> [Data provided]

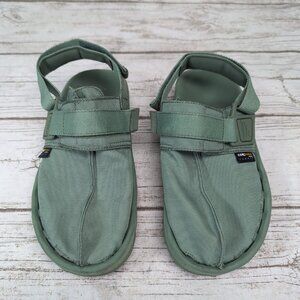 Reebok Beatnik Sandal 'Ashen Green' FY2947 Men Size 8
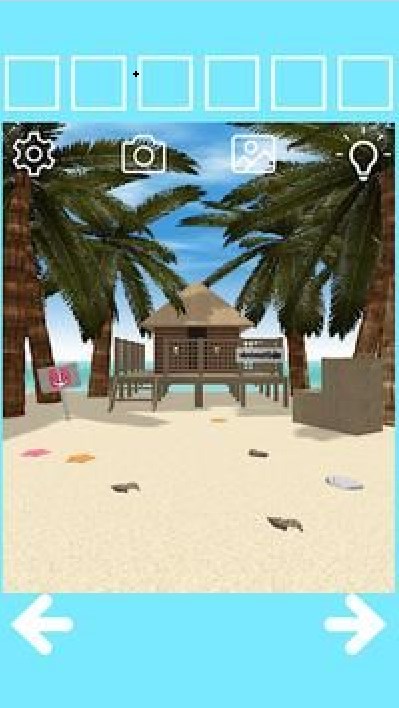 逃脱游戏海的记忆 V1.8.6 福利版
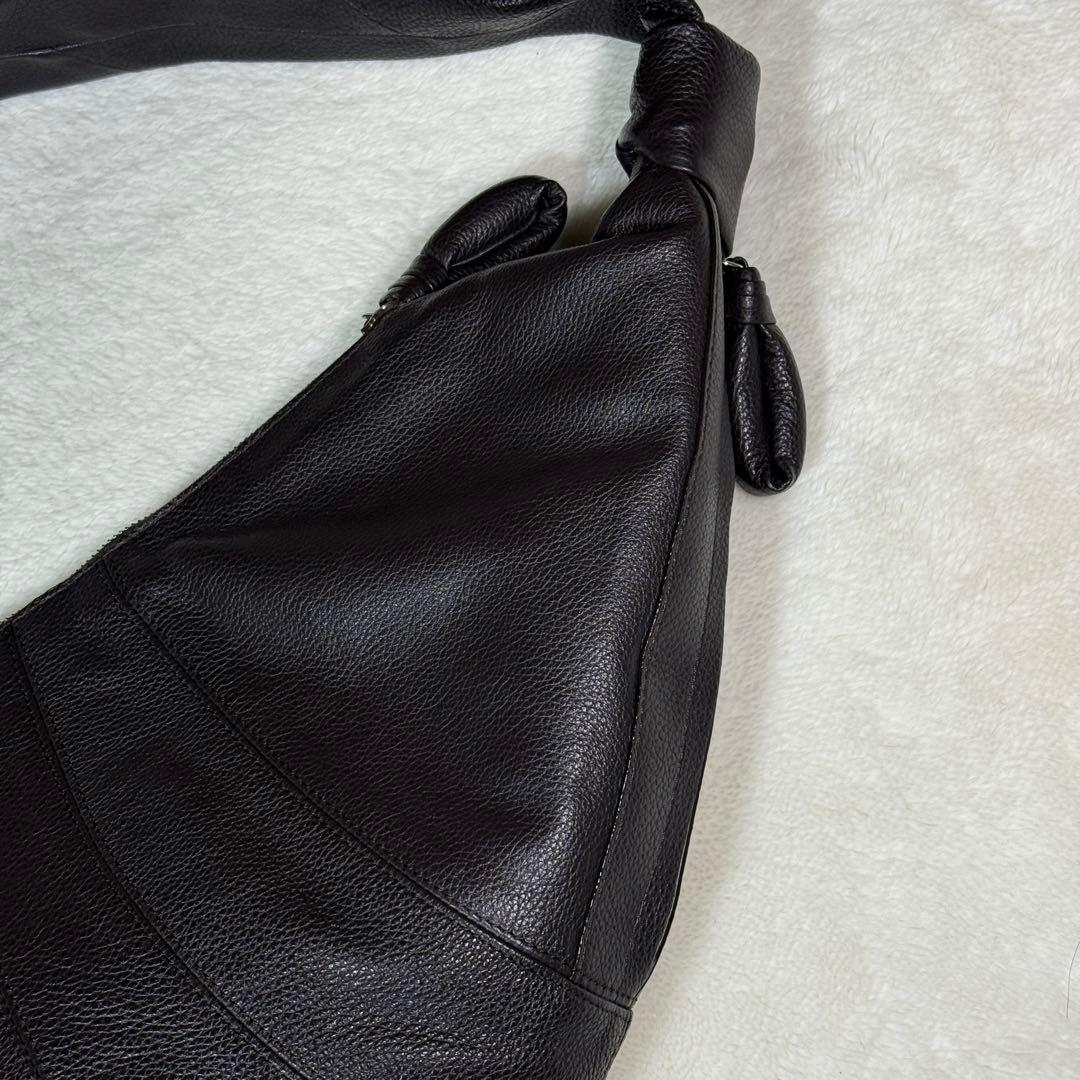 ルメール　クロワッサンバッグ　ラージ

> [Your instructions] Retype the lines above exactly, no pictures.

> [Expected answer]
 Reebok Beatnik Sandal 'Ashen Green' FY2947 Men Size 8
 逃脱游戏海的记忆 V1.8.6 福利版
 ルメール　クロワッサンバッグ　ラージ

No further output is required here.